6 Tips to Help Professionals Embrace Change for the Quickest Impact
One of the most desirable traits of a smart leader is the ability to view problems as opportunities. Challenges, mistakes, lack of progress or failure can spur professionals to make adjustments and move in a different direction. Setbacks are opportune reasons to disrupt thinking and pivot to new ways or better ideas.
Problem situations beget change, yet change, for most people, is hard. When the need to change arises, how can we move toward it in the fastest way possible?
Consider these six tips to help professionals move faster towards positive change.
- Be ready and open to thinking differently. Einstein said, “The definition of insanity is doing the same thing over and over and expecting a different result.” If you are not getting the results you want and you recognize that you are doing things in the same old way, it’s time to change how you think. Looking at an issue from a different perspective or a fresh outlook may be just the modification to help you find a better path. Thinking differently also means striving to attain a growth mindset. People with growth mindsets are open to learning and change.
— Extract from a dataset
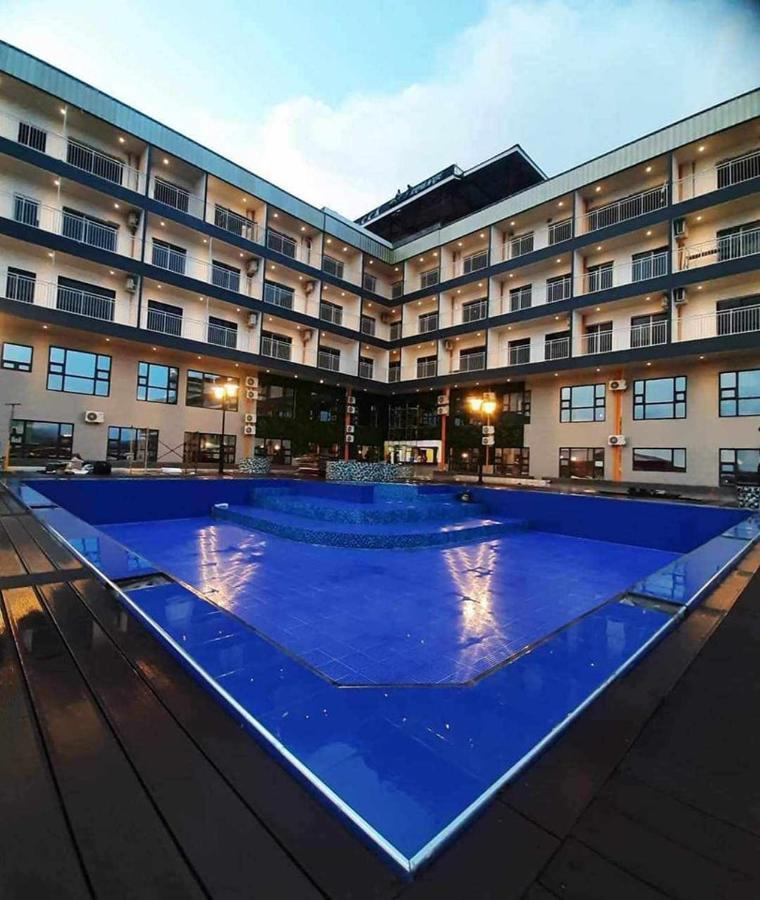 Subic Riviera Hotel And Residences Olongapo Esterno foto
Leaders with growth mindsets believe that their own talents – and those of other as well – can be further developed through hard work, good strategies, and regular feedback.
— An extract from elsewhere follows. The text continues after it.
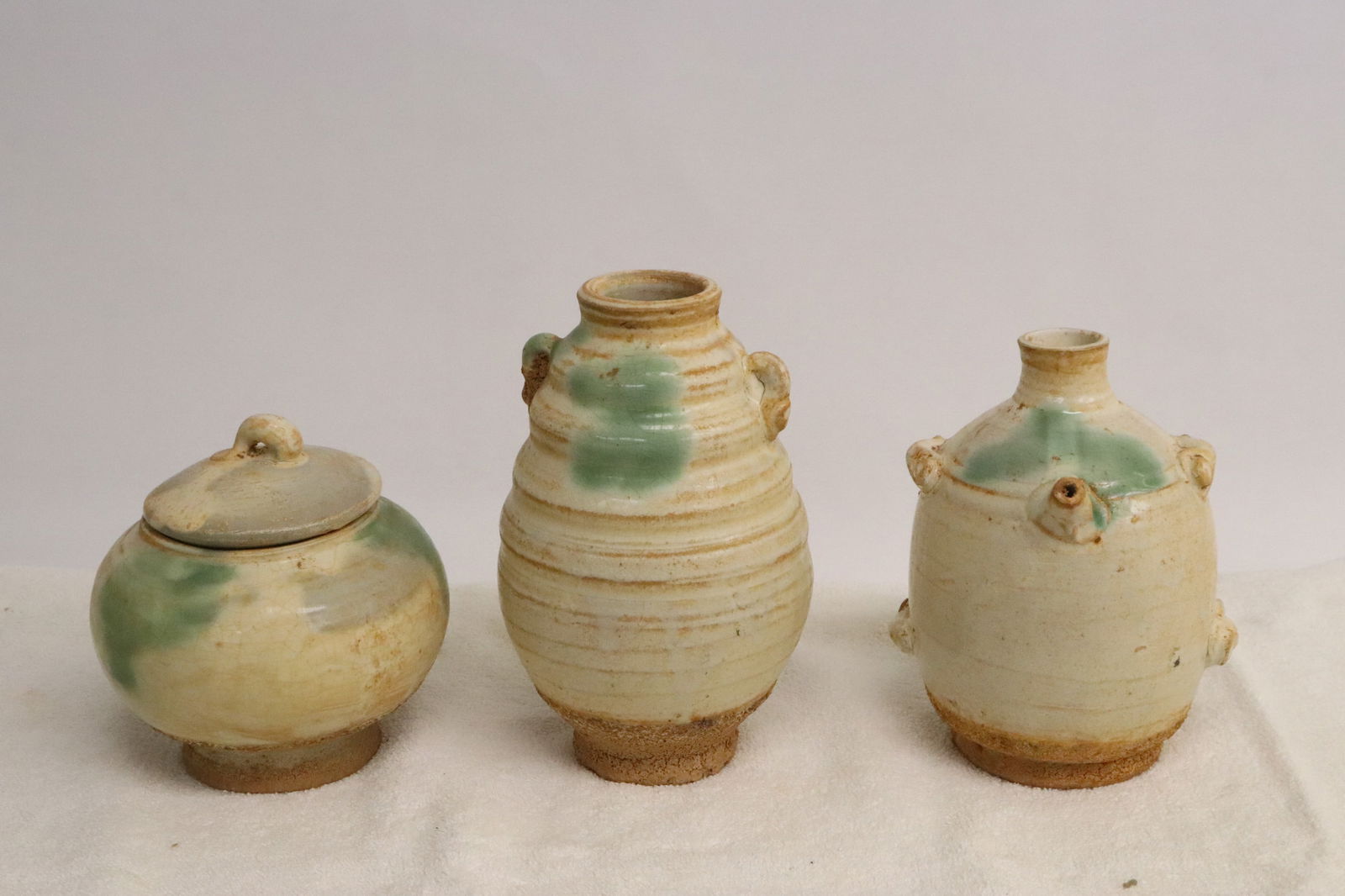 3 pieces Chinese earthenware: 3 pieces Chinese earthenware, 4.75"x4.65"dia - 6.35"x4.15"dia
- Manage your limiting self-talk and perfectionist tendencies. The speed of change depends on your ability to resist the negative stories you tell yourself that may hold you back. Don’t beat yourself up. Learn from your mistakes. Restrictive internal thoughts, by nature, will inhibit your decision making, increase your self-consciousness, and limit movement towards change. If you can resist negativity, you will be able to get back on the path to fast and real change. Perfectionism can slow change efforts, too. Perfectionism is tough to let go because many people see perfectionist tendencies as a positive trait. Perfectionists prefer to be 100% certain before making a fault-free decision, thus avoiding the risk and criticism that may come with that decision. To overcome perfectionist tendencies, push yourself to be more timely and reduce your need for full data and information before making a move or decision.
- Do things in a different way. After thinking differently comes trying different actions. If your old approaches are not working, be willing to try something new. Shake things up. Try things you don’t generally do. Watch and learn from others who do things better than you do. Keep track of what works and what doesn’t work. Transformation does not occur when you fall into the trap of doing things the way they have always been done.
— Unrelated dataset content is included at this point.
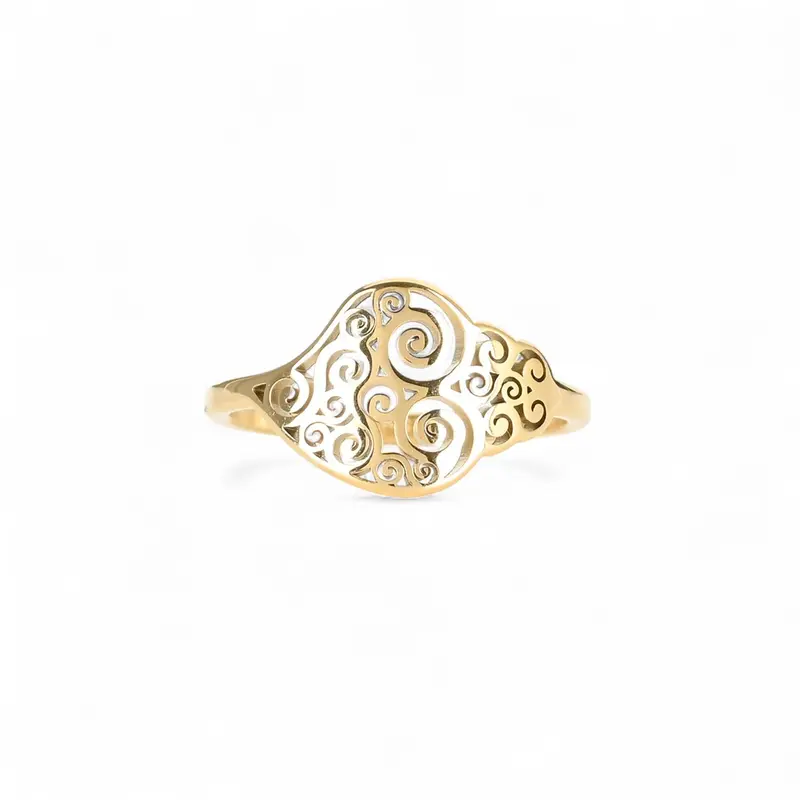 Anillo de acero con diseño de filigrana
- Change the people you listen to. Be circumspect of advisors who constantly give you the same stale or unoriginal thoughts and are not willing to embrace new ideas. If they are like this, it is time to look for new advisors. Search for great advisors with wide-ranging experiences that fit what you need and who come at challenges and opportunities differently than you do. Diversity in your advisors will bring diversity of thought and, most likely, faster change and better results.
- Be willing to make changes to your team. Just as you evaluate the advice you receive, you want to ensure you are regularly evaluating your team. You need the right team around you in order to succeed. The people on your team should be adaptable, flexible and enthusiastic to learn and do. Your incumbent team members could be exactly what you need if they are adaptable, want to grow and are willing to put in the effort needed. Realistically though, sometimes you will need to change out some members of your team. (Tip: If you bring on new people to your team, resist hiring people who are exactly like you.)
- Celebrate victories, no matter how big or small. It is all right to pat yourself on the back and celebrate when you have done something well, especially when you have done something successfully that was out of your comfort zone. Give yourself some positive reinforcement. Positive reinforcement will motivate you afterward to repeat those behaviors.
If you want change and you want it to happen sooner rather than later, begin by looking in the mirror because the starting point is you. Be careful to not get caught up in your fears, in self-doubt, or in deflecting blame because those detractors will slow you down. Pivoting for change and innovation will be accelerated by your attitude to change.